In our study, the mean droplet size in both ZEO and BEO emulsions was 2700 nm which decreased less than 500 nm when nano-emulsion was prepared for MIC and MBC. Similarly, the results of the previous studies indicated a decrease in the droplet size of the GEO nano-emulsion (21). We also observed that the mean droplet size decreased more in the sonicated chitosan coating than in chitosan coating, which is in line with results of a previous study (35).
In the present study, the BEO emulsion had higher MIC and MBC values against
P. aeruginosa compared to ZEO emulsion. In a previous study, the BEO MIC and MBC values against
P. aeruginosa were reported as 4 and 8 mg/ml, respectively (38).
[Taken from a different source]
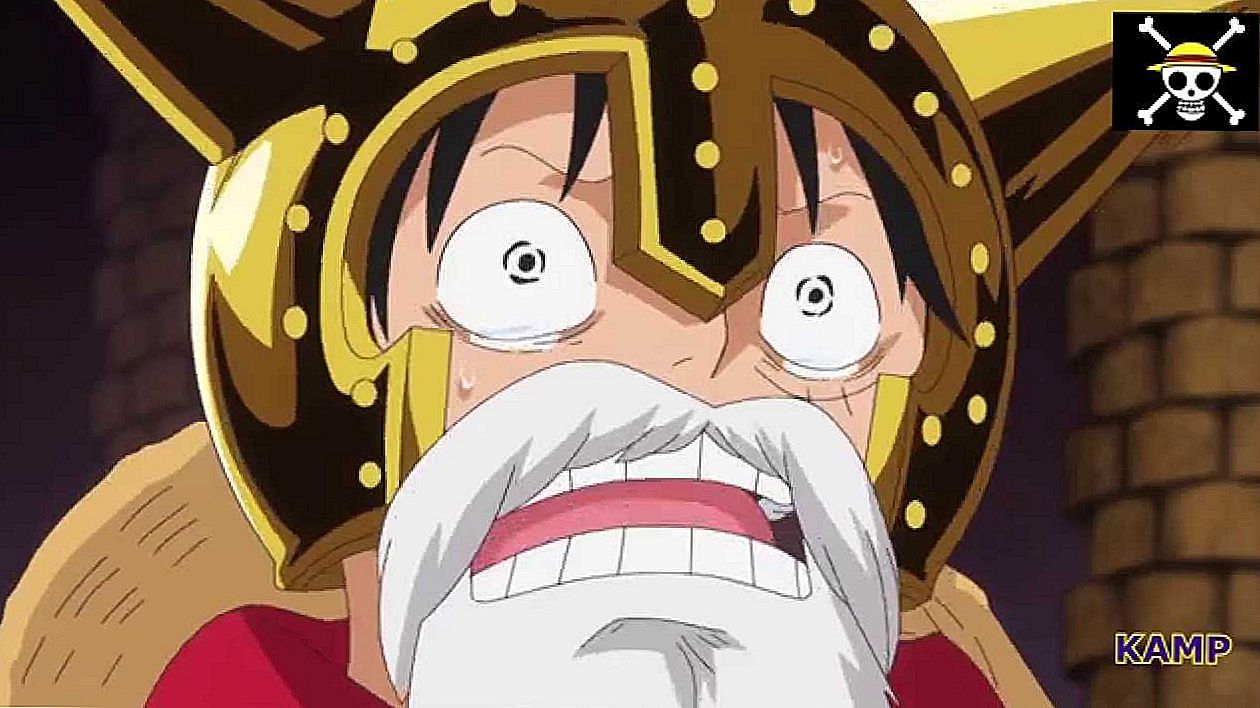 No Arco de Dressrosa, por que Luffy não usa Gear Second para chegar rapidamente a Doflamingo?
We evaluated the impact of seven different treatments on
P. aeruginosa growth during 12 days of storage. The initial count of
P. aeruginosa was 6.51±0.23 log CFU/g, which elevated in all samples during the storage. However, in nano-chitosan+ZEO 0.5% samples (6.25±0.10) and nano-chitosan+BEO 0.5% (6.27±0.33), there was a lower trend, which is in line with the results of a previous study (40).
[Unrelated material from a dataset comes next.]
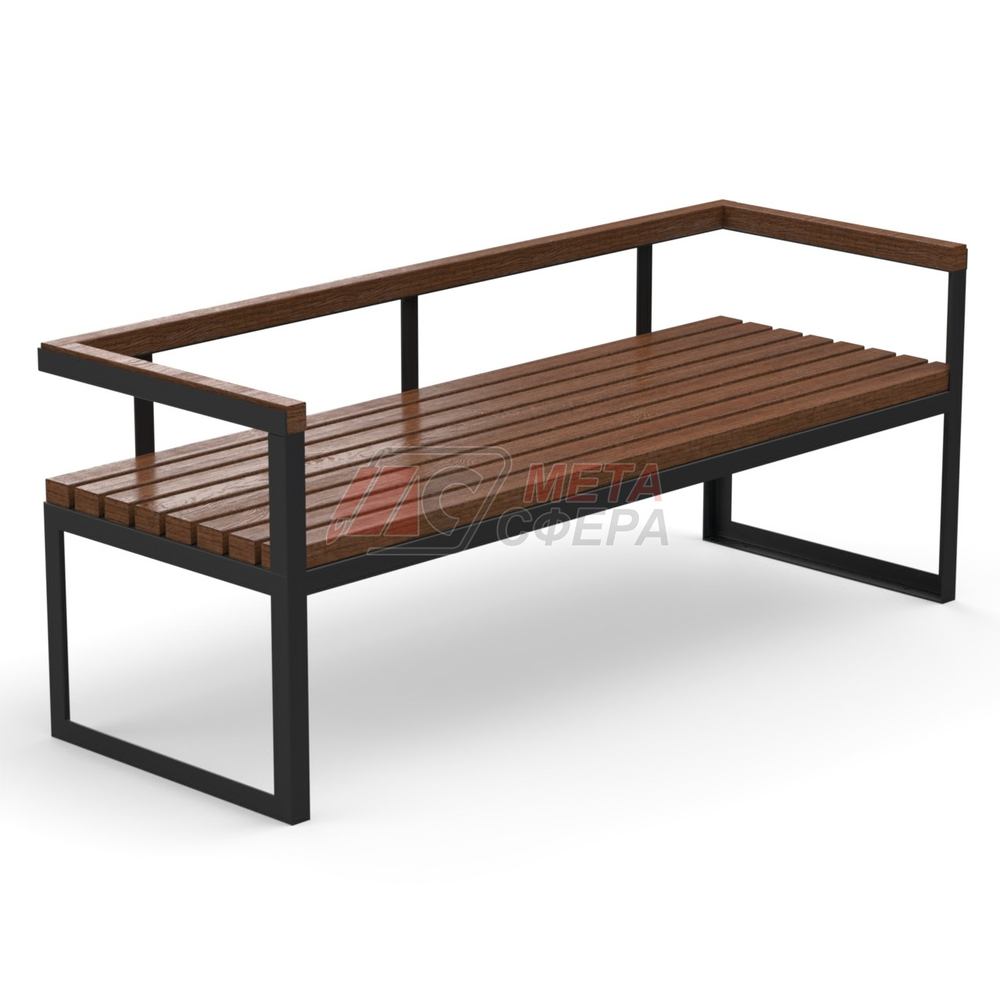 Скамейка Бургос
As shown in the present study, the small-sized particles and the high surface-to-volume ratio of nano-emulsions lead to higher bioavailability of non-polar components compared to that of conventional emulsions
)41
.(
CONCLUSION
Based on the results, the gel-type nano-emulsion of chitosan solution with ZEO and BEO has anti-microbial effect against
P. aeruginosa, a common foodborne pathogen. Furthermore, the enhancement of EO level to 0.5% could improve this effect. The results also demonstrated that nano-chitosan+
ZEO 0.5% had the highest inhibitory effect against
P. aeruginosa.
ACKNOWLEDGMENTS
We wish to thank the Research Deputy of Ferdowsi University (Mashhad, Iran) for the financial support. We would also like to thank Mrs. S. Khajenasiri for her cooperation in this study.
CONFLICT OF INTEREST
The authors declare that there is no conflict of interest.